Macy’s remains upbeat on holiday sales, but lowered its guidance for fiscal 2019 following a disappointing third quarter. Ditto for Kohl’s regarding its lowered forecasts and not-so-great third quarter performance. Smaller retailers also have their corresponding share of worries.
The problem is that this holiday season will be highly promotional, maybe even more so than in 2018. According to Cowen & Co.’s Oliver Chen, retailers have elevated inventories, women’s apparel items are receiving negative customer responses, merchants are marking down product, thanks to the warmer temperatures.
All of that doesn’t bode too well for apparel sales. Chen said specialty and apparel-related inventory levels appear outsized compared with some of their competitors. Re-commerce and subscription options, as well as the spending shift to experiential, “could weigh on holiday spending on apparel this season,” he said.
And the quality of sales, due to the promotional environment, will end up hurting retail margins. Chen noted that a number of retailers in his coverage universe “have already cut guidance at least once, and will need to report strong comps to avoid missing lowered expectations.”
“We view the assortments at Tiffany, Tapestry (at Kate Spade) and Nordstrom as the most gift-able this season, while the convenience and omnichannel flexibility excellence at Target, Walmart and Nordstrom will be a positive competitive advantage to maximize conversion within a tight shopping calendar,” Chen said.
And while the expectation is that online shopping will continue to grow, the experience might not be so rosy on that front.
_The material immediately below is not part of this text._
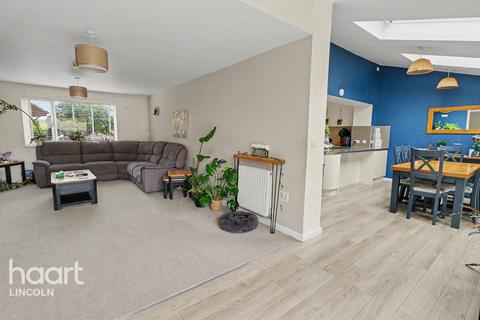 4 bedroom detached house for sale, Falklands Close, Lincoln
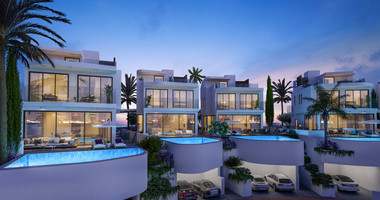 Exclusive Paphos Beachfront Villa with Five Bedrooms & Private Pool in Kissonerga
According to an online study from Pitney Bowes, consumer dissatisfaction with their holiday shopping experience has doubled to 60 percent in four years. The top three complaints: delayed shipments, shipping costs and inaccurate tracking—areas retailers might want to focus on to keep their customers happy.
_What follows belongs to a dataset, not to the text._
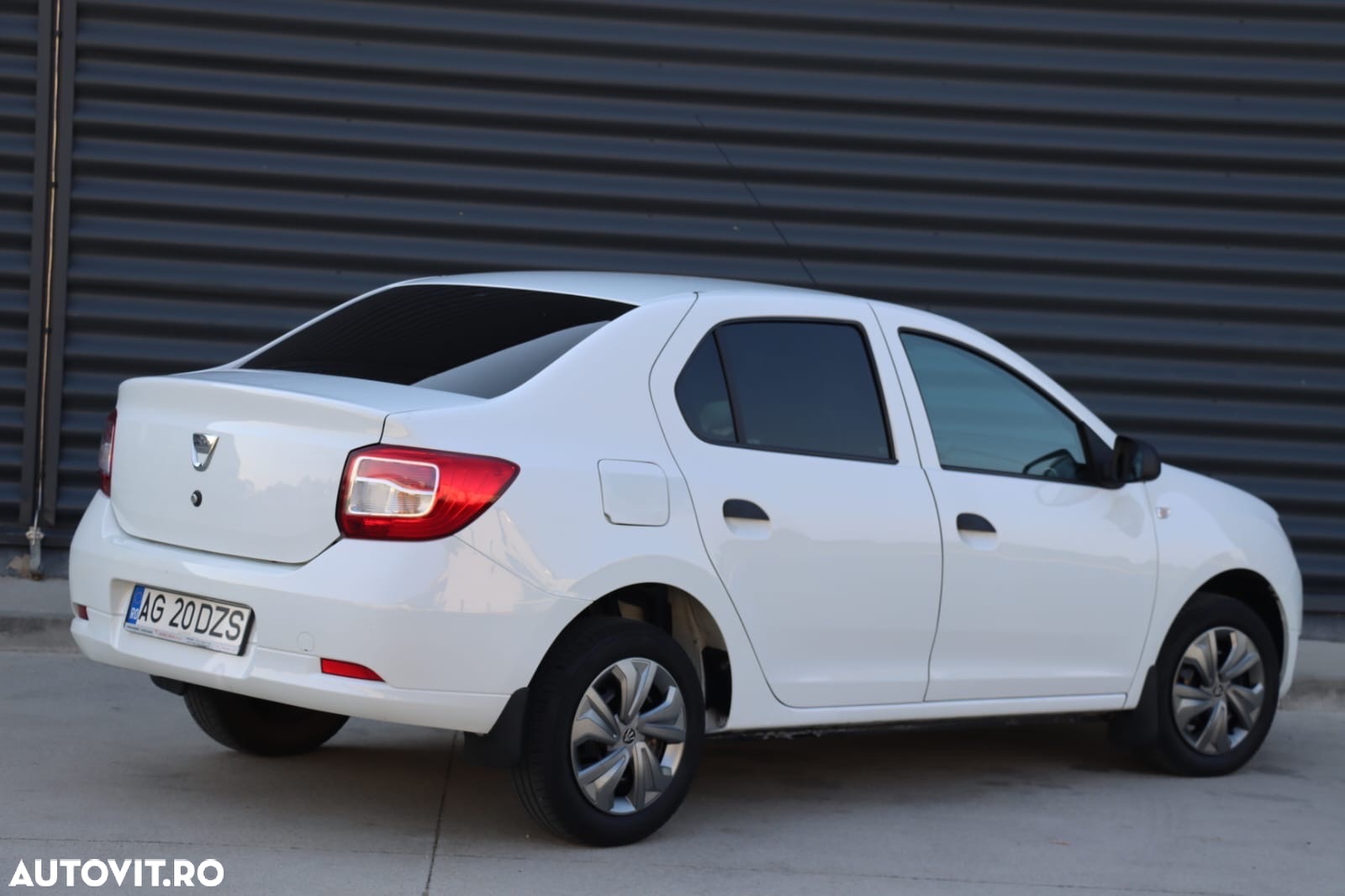 Dacia Logan MCV 1.5 dCi 90 CP Laureate - 8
Lila Snyder, an executive vice president at Pitney Bowes and president at its commercial services division, said, “Despite the significant investments retailers and marketplaces are making in the online shopping experience, consumers continue to be disappointed, especially around the holidays.”
As more spending is shifting online, retailers need to “shift resources and investments to areas like fast and free shipping, accurate tracking and free and easy returns to keep up with consumer expectation,” Snyder added.